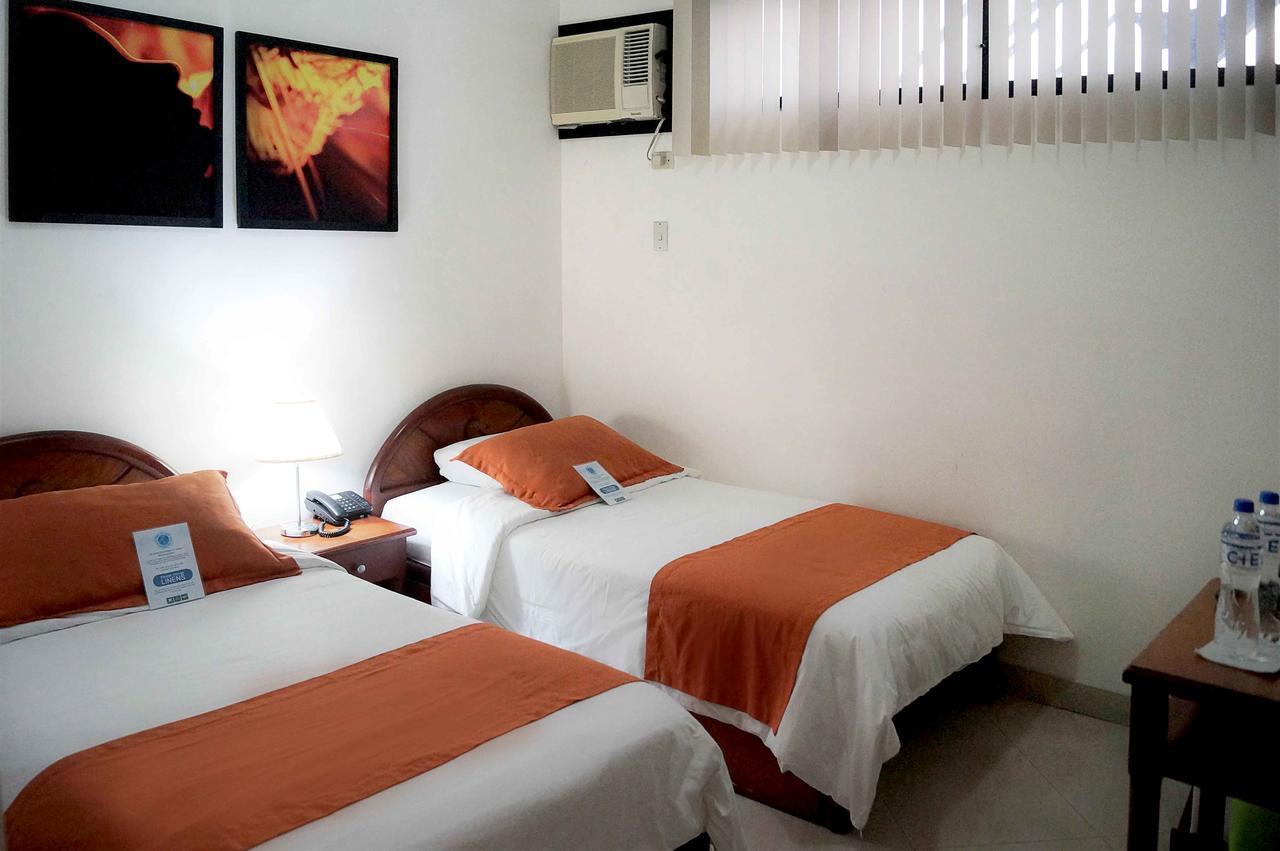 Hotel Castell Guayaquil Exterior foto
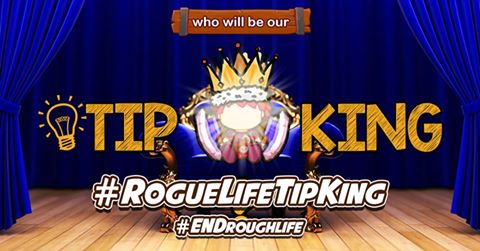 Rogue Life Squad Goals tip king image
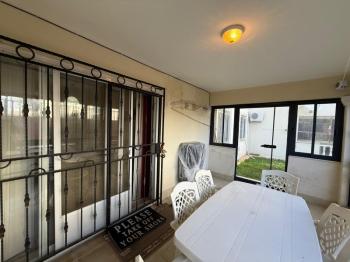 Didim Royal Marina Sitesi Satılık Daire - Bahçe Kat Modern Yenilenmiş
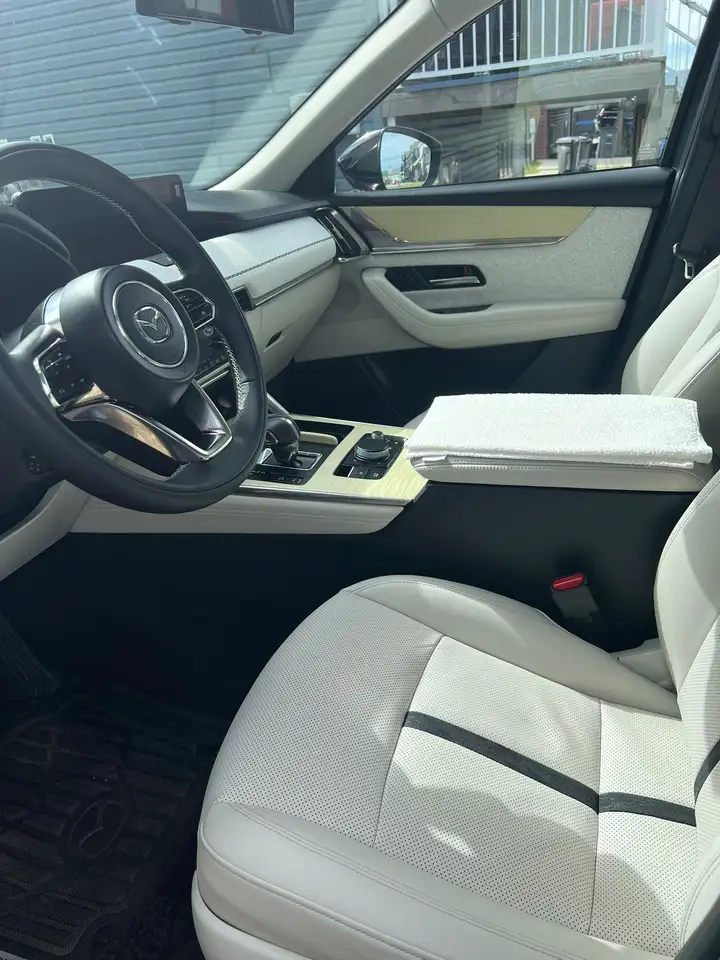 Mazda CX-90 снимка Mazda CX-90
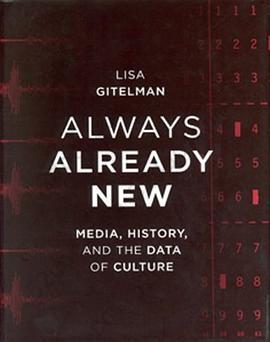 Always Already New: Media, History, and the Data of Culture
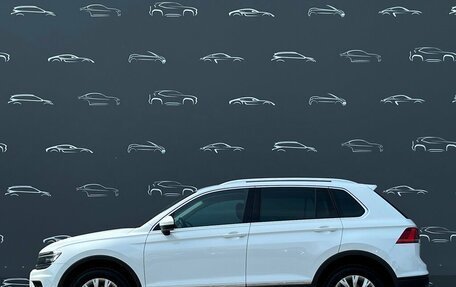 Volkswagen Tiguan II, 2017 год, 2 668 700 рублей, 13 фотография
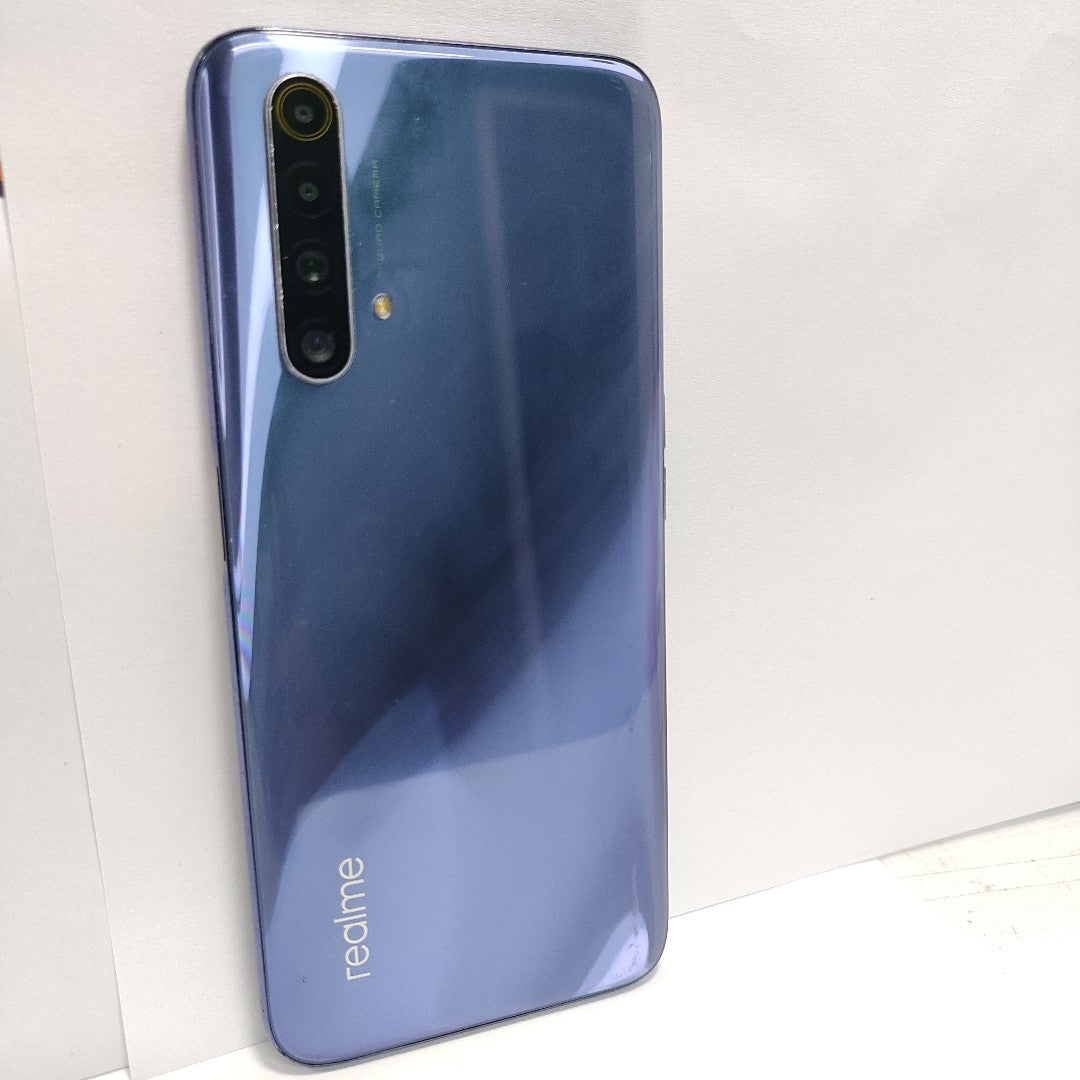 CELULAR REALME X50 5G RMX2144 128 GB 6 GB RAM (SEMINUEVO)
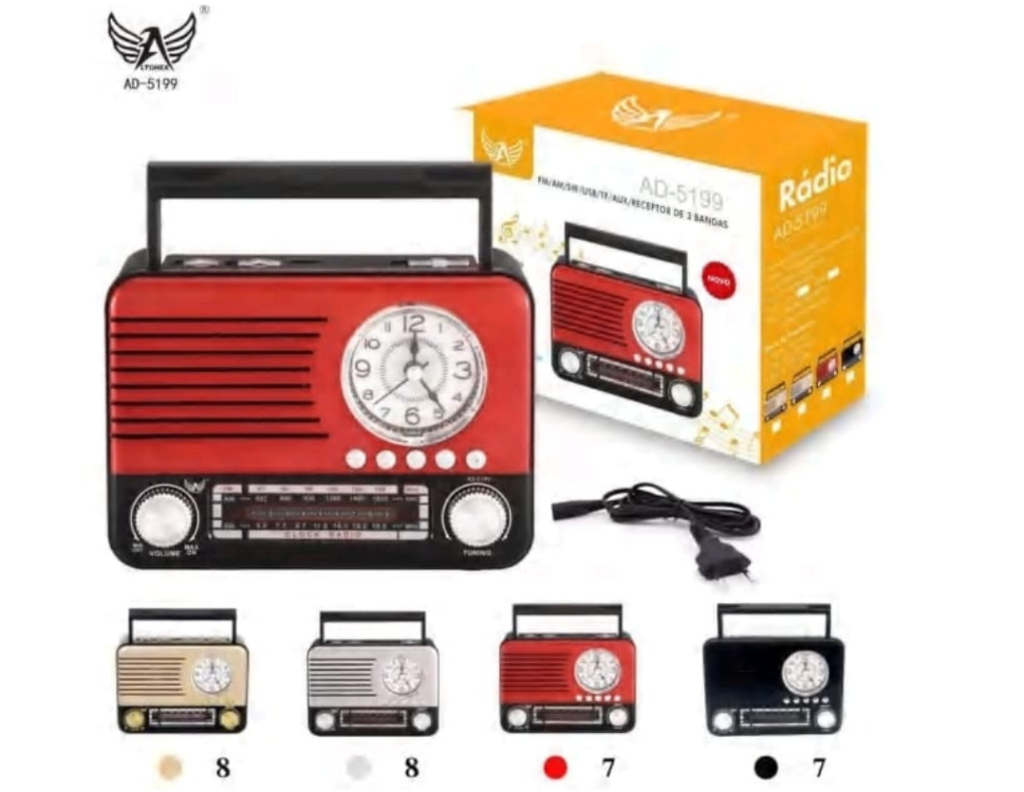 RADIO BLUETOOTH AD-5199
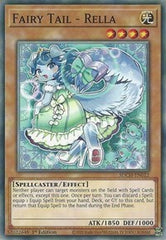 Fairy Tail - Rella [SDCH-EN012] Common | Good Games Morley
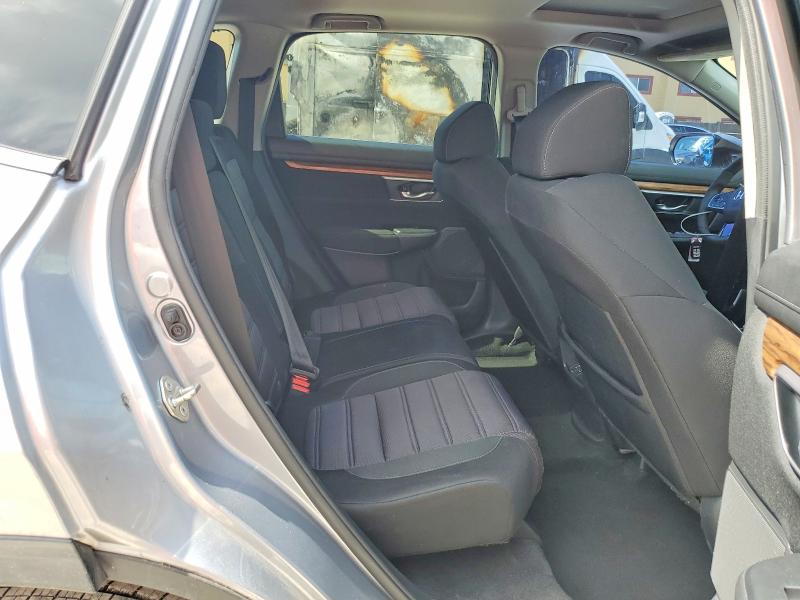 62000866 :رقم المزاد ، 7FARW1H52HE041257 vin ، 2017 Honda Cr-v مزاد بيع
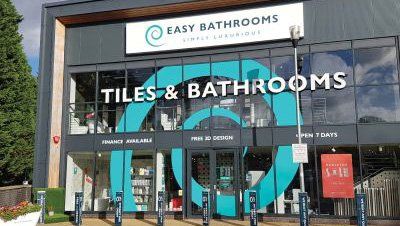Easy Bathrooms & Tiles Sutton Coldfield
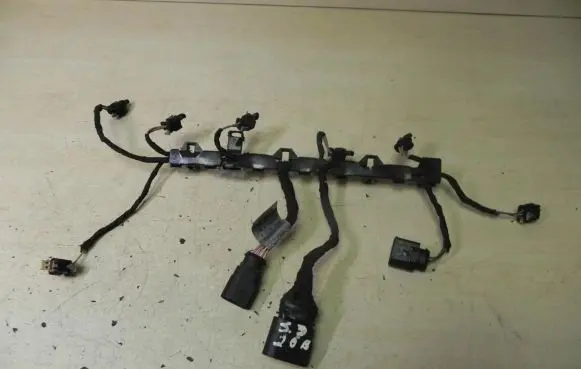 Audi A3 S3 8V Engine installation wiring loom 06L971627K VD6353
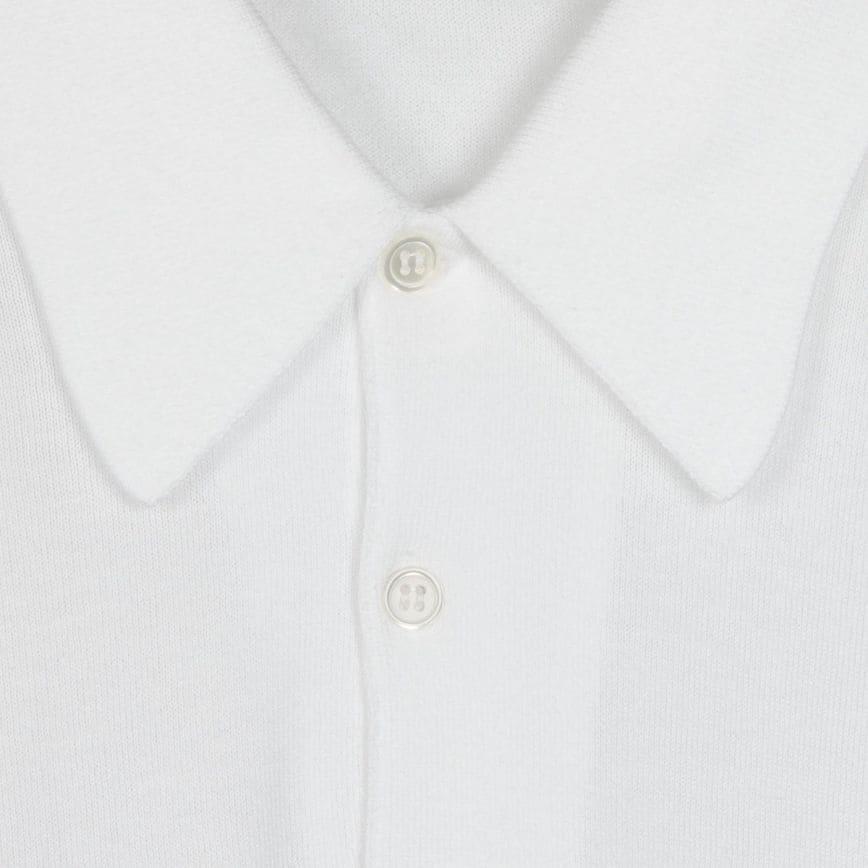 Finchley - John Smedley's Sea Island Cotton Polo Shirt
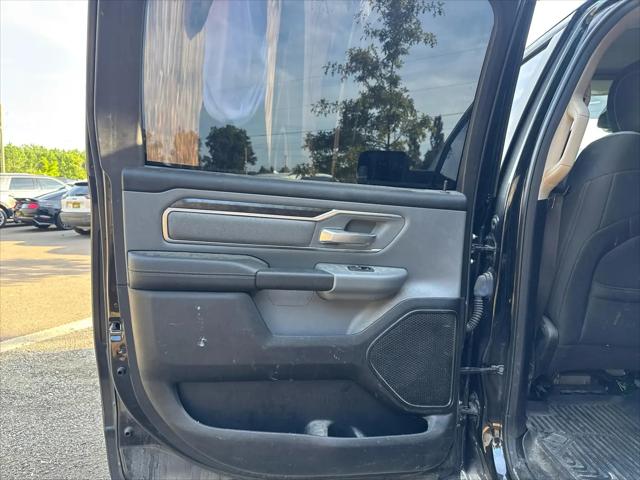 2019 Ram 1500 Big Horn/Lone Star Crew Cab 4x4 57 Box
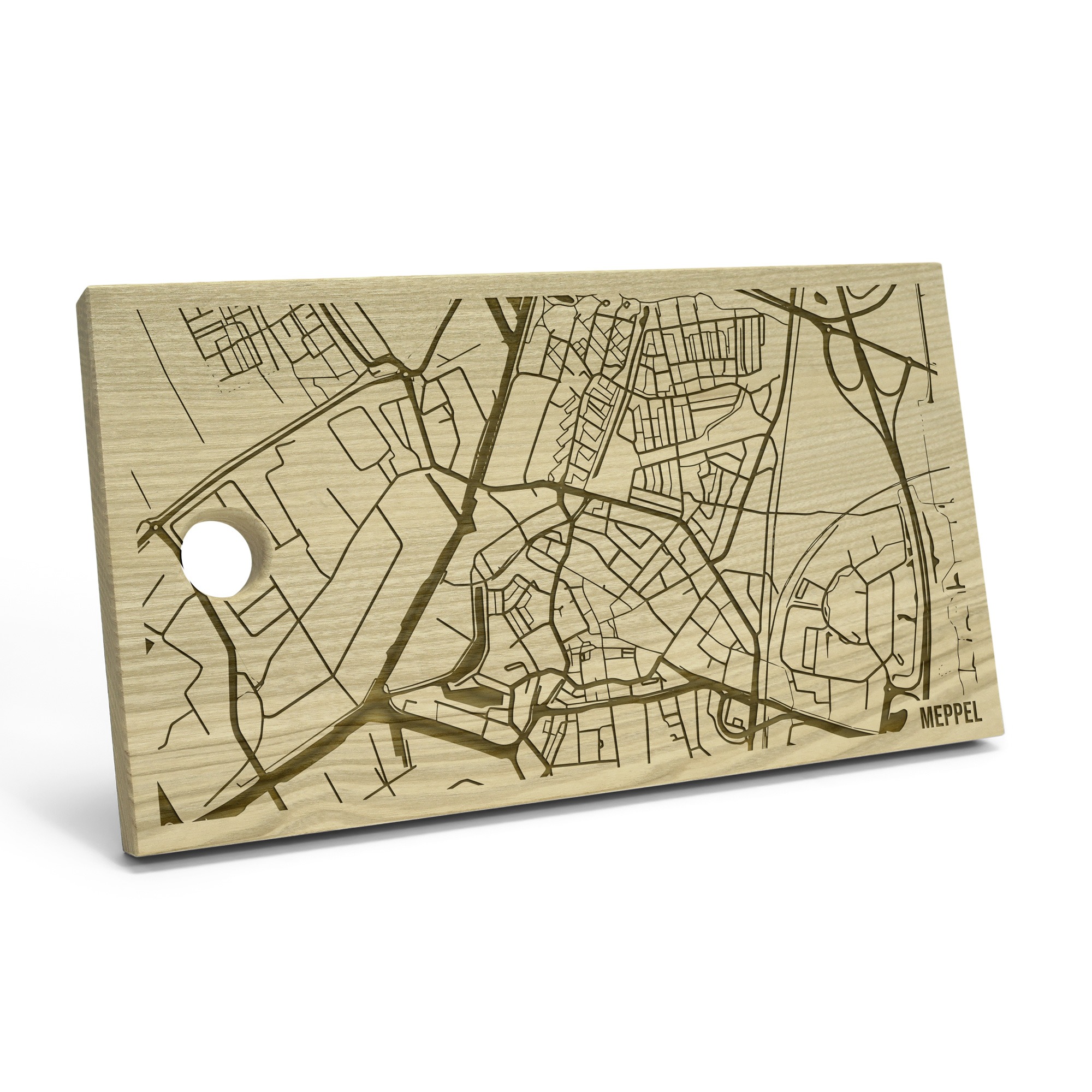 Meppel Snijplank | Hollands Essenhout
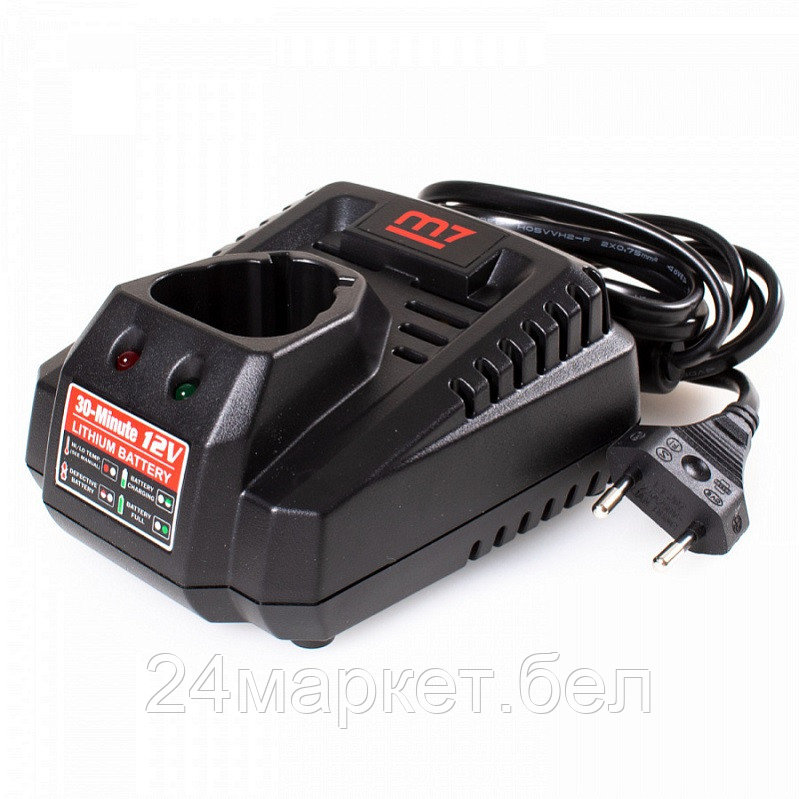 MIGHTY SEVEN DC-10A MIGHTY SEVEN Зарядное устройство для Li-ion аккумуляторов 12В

****************************************

**Task to carry out:**
Your reply should be the entries above, repeated exactly and free of pictures.

**Output below:**
 Hotel Castell Guayaquil Exterior foto
 Rogue Life Squad Goals tip king image
 Didim Royal Marina Sitesi Satılık Daire - Bahçe Kat Modern Yenilenmiş
 Mazda CX-90 снимка Mazda CX-90
 Always Already New: Media, History, and the Data of Culture
 Volkswagen Tiguan II, 2017 год, 2 668 700 рублей, 13 фотография
 CELULAR REALME X50 5G RMX2144 128 GB 6 GB RAM (SEMINUEVO)
 RADIO BLUETOOTH AD-5199
 Fairy Tail - Rella [SDCH-EN012] Common | Good Games Morley
 62000866 :رقم المزاد ، 7FARW1H52HE041257 vin ، 2017 Honda Cr-v مزاد بيع
Easy Bathrooms & Tiles Sutton Coldfield
 Audi A3 S3 8V Engine installation wiring loom 06L971627K VD6353
 Finchley - John Smedley's Sea Island Cotton Polo Shirt
 2019 Ram 1500 Big Horn/Lone Star Crew Cab 4x4 57 Box
 Meppel Snijplank | Hollands Essenhout
 MIGHTY SEVEN DC-10A MIGHTY SEVEN Зарядное устройство для Li-ion аккумуляторов 12В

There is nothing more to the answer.